* ECB says it will speed up bond purchases
* U.S. initial jobless claims less than expected
* Graphic: World FX rates tmsnrt.rs/2egbfVh (Updates to open of U.S. markets, changes byline, dateline; previous LONDON)
NEW YORK, March 11 (Reuters) - A gauge of global stocks rose for a third straight session on Thursday to hit its highest level in two weeks, as a dip in government bond yields helped ease inflation worries and provided a boost to stocks.
Euro zone bond yields fell after the European Central Bank said it was ready to accelerate money-printing to keep a lid on euro zone borrowing costs, using its 1.85 trillion Pandemic Emergency Purchase Program (PEPP) more generously over the coming months to stop any unwarranted rise in debt financing costs.
Germany’s 10-year government bond yield last rose 8/32 in price to yield -0.334%, after reaching as low as -0.367, its lowest level since Feb. 18, and further away from the near one-year high of -0.203% in late February.
Yields on the benchmark 10-year Treasury fell as low as 1.475%, the first time it had fallen below 1.5% in a week before turning slightly higher.
On Wall Street, the easing inflation worry helped support equities, with the highly valued technology sector leading the way higher, up 2.02%. Expensive stocks, many of which are in the tech sector, have been highly sensitive to the rise in yields.
In contrast, shares of bank stocks only gained 0.13%.
“The inflation scare that we saw last week has subsided as bond yields calm down,” said Art Hogan, chief market strategist at National Securities in New York.
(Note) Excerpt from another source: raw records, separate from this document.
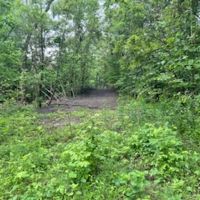 Land For Sale in Clay County IN 66 Acres - images 5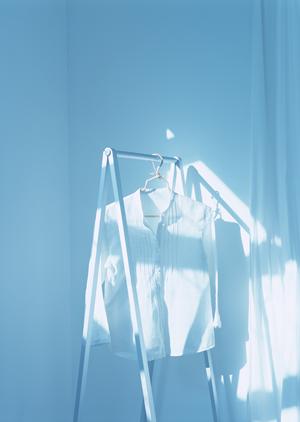 広島でコウモリの出現を防ぐ方法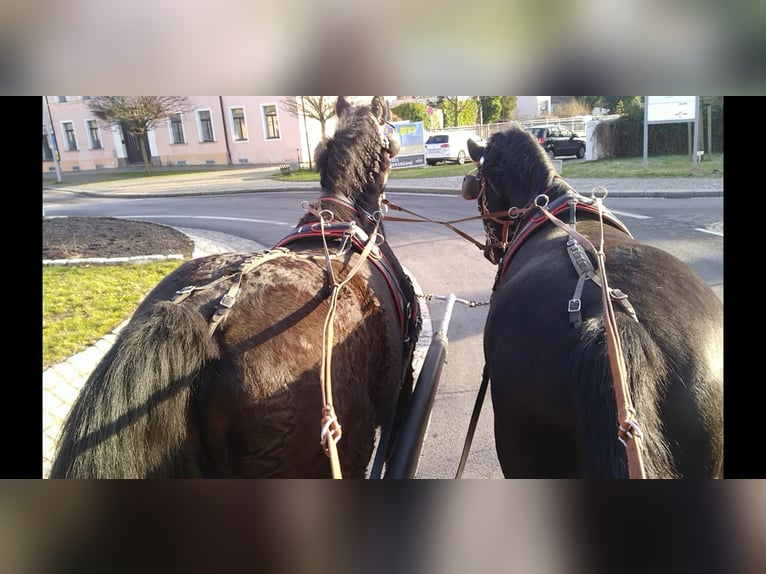 Warmblood pesado Caballo castrado 13 años 174 cm Negro in Kamenz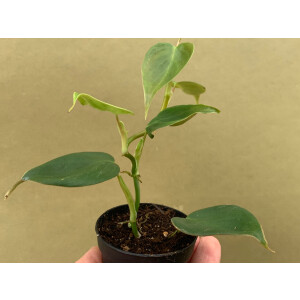 Philodendron sp. mini Morona Santiago Canyon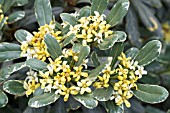 PITTOSPORUM TOBIRA VARIEGATUM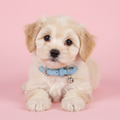 PawfectDreamy Starry Night Puppy Collar with Sweet Little Bell (3-Pack)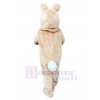 Rabbit mascot costume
“The market sentiment is turning more optimistic as we get better results from (COVID-19) vaccines that help towards a faster pace of herd immunity.”
The Dow Jones Industrial Average rose 282.47 points, or 0.87%, to 32,579.49, the S&P 500 gained 43.16 points, or 1.11%, to 3,941.97 and the Nasdaq Composite added 267.60 points, or 2.05%, to 13,336.43.
Sentiment was also boosted by weekly jobless claims data, which pointed to a recovering U.S. labor market as vaccine rollouts have helped lead to economic reopenings.
Benchmark 10-year notes last fell 5/32 in price to yield 1.5352%, up from 1.52% late on Wednesday.
Investors will now eye an auction of 30-year debt on Thursday, seeking to cover massive shorts. A weak seven-year auction in late February helped fuel inflation concerns and sent yields higher.
European stocks climbed, with the pan-European STOXX 600 index reaching a one-year peak and on track for its fourth straight day of gains. The STOXX 600 index rose 0.46% and MSCI’s gauge of stocks across the globe gained 1.27%.
Analysts largely expect inflation to pick up as vaccine rollouts lead to a reopening of the economy, but worries persist that additional stimulus in the form of a $1.9 trillion coronavirus relief package set to be signed by U.S. President Joe Biden could overheat the economy.
The dollar was weaker for a third straight day coming off a 3-1/2-month high of 92.506. The dollar index fell 0.291%, with the euro up 0.31% to $1.1962.
Oil prices resumed their climb following two days of declines, buoyed by the brightening economic outlook and a steep decline in U.S. fuel stocks.
U.S. crude recently rose 1.77% to $65.58 per barrel and Brent was at $69.17, up 1.87% on the day.